Current progress, including more research thoughts.

Sep 13, 2012 18:04

Yeah, it's been awhile. I've been letting the short gown sit, skirts hanging, for over a week with no further progress. I did finish the last few stitches for the Baronial Phoenix for the Baron/ess (photo later). I have been continuing my slow research into the Warrants I mentioned last time. I decided to start from the beginning, and work my way to the end. I just finished with 1582, but it is eye glazing reading. However, it is helping me to understand the trends that go on.

I posted a few thoughts in the Elizabethan Costume FB group (mostly un-noticed there), and they are now here with further thoughts on my research.

Today I learned, that entries for "buskes" in QEI's Wardrobe Warrants were sporadic, and went from 1577 to 1586 (entries currently end in 1588). Made of wood, whale bone, whale bone and wire, and some not listed as to materiel. Some were covered in fabric “pair of cases”, while others did not.

I've since re-read Arnold's QEWU, and she mentions these of course, just not their dates when they started being used and when they stopped being listed. She also lists the pairs of cases in a different area, as if they were meant to simply carry them around. Considering the number of cases made, and that they were usually made in fine fabrics and not just canvas, they may have been part of the busks, and not just for storage and carrying them around. I hope to note more as I read.

I finally understand that half-farthingales usually went with padded rolls, early in the 1580s. But in 1581 entries, the clerk dropped the rolls portion for some reason, but still listed the padding materials. Will find out later if rolls reappear with half-farthingales or not, but I'm not really tracking these right now - just thought it interesting as I'd long wondered which 'half' a half-farthingale covered. I think Pat Stanley (the lady portraying QEI at Visalia) may be amused to find she may be right after all, in wearing her Spanish farthingale over a large roll.

I also learned that Thomasina the Dwarf, was only given petticoats and gowns, along with other accessories and some linens, presumably to make into smocks (some linens are noted for sheets). She so far has not been given kirtles. And many of the gowns seem quite lovely with lace and bugles added, even if the fabrics are not as fine. (she received several gowns for each petticoat given.)
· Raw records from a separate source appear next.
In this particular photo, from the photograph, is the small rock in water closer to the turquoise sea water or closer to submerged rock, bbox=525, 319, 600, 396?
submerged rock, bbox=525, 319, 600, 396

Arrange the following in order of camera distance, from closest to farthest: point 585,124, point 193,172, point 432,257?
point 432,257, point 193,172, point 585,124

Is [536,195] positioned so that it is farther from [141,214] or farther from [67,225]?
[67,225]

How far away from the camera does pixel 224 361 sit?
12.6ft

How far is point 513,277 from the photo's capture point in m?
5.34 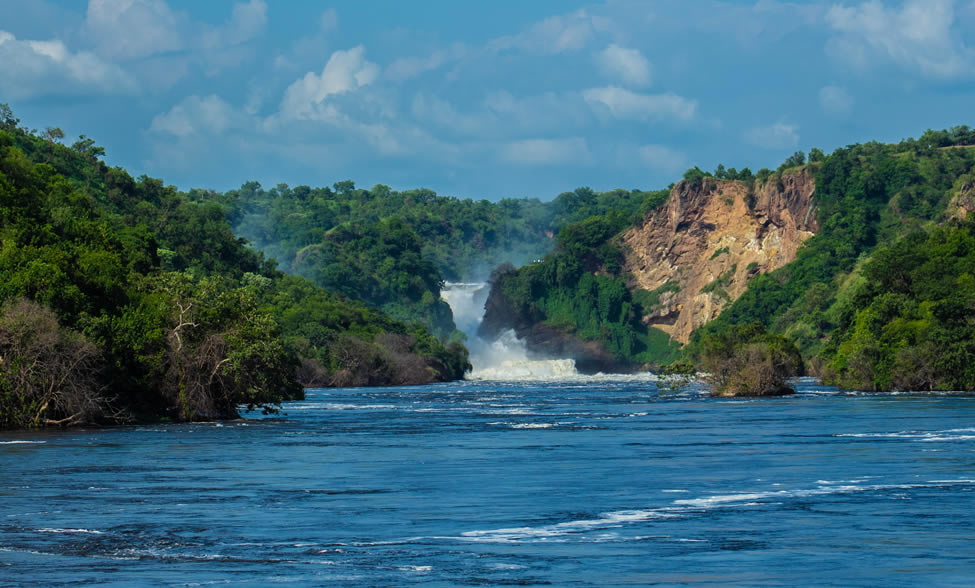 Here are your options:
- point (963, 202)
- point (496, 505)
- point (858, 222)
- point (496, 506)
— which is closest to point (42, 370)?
point (496, 505)

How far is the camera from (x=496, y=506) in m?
31.2

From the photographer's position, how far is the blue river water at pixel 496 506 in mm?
22766

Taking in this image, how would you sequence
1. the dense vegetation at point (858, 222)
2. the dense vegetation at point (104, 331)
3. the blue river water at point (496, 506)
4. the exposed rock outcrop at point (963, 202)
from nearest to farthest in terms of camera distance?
Answer: the blue river water at point (496, 506) < the dense vegetation at point (104, 331) < the dense vegetation at point (858, 222) < the exposed rock outcrop at point (963, 202)

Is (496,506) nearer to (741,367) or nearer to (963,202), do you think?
(741,367)

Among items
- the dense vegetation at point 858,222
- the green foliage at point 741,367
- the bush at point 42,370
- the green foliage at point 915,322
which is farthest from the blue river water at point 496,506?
the dense vegetation at point 858,222

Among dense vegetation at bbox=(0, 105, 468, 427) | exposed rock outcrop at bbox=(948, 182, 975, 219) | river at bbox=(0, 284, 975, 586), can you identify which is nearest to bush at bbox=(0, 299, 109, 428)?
dense vegetation at bbox=(0, 105, 468, 427)

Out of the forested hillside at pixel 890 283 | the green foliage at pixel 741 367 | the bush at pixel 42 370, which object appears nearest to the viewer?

Why this last is important to me, is that Thomasina was one of a handful of women who were provided full outfits by the Queen's command, and recorded in several continuing entries so far, usually at least every 6 months, so I can trend and see what it is that a non-Queen would wear, vs the Queen who has petticoats, kirtles, gowns, waistcoats, foreparts, jackets, doublets, and more. In other words, a more average courtly/liveried wardrobe. There are other ladies who get fully outfitted, and they did get petticoats, kirtles and gowns, but they also were more sporadic in what they were given. Other women usually were given gowns, or fabric. One special lady got a whole lot of shoes, as well as a full set of garb.

And the silence on garment stiffeners outside of canvas, sometimes buckram, once mentioning using bays (a worsted warp, woolen weft woolen fabric) for stiffening, and the random making of groups of busks continue. I know the bents possibly in the bodies will be in upcoming entries (1582-83), but so far this tells me that there were NO bents in bodies, other than in sleeve rolls, during the late 60s and all of the 70s, into 1582. As I re-read Arnold's commentary, I'm finding her words a bit misleading.

I also think that if the Queen had ever used hemp cord or similar cord for soft boning, it would have been listed somewhere in the warrants, probably among the entries that are for the tailors general supplies, or the silk woman's list of items. Both of those list a wide variety of items for payment, but there are no types of cords listed that isn't decorative.

And as I think about the known images and stories about QEI, she was active, dancing and walking often, horse back riding, especially in her early years. She may simply have not needed any stiffeners or body shaping, beyond shaping of the garment, using busks and various fabric stiffening as I've noted, usually in gowns.

If only we had the tailoring warrants for the regular English court ladies, to see what they did in their garments. Especially if any of those ladies were known to have had children. Anyone know of such?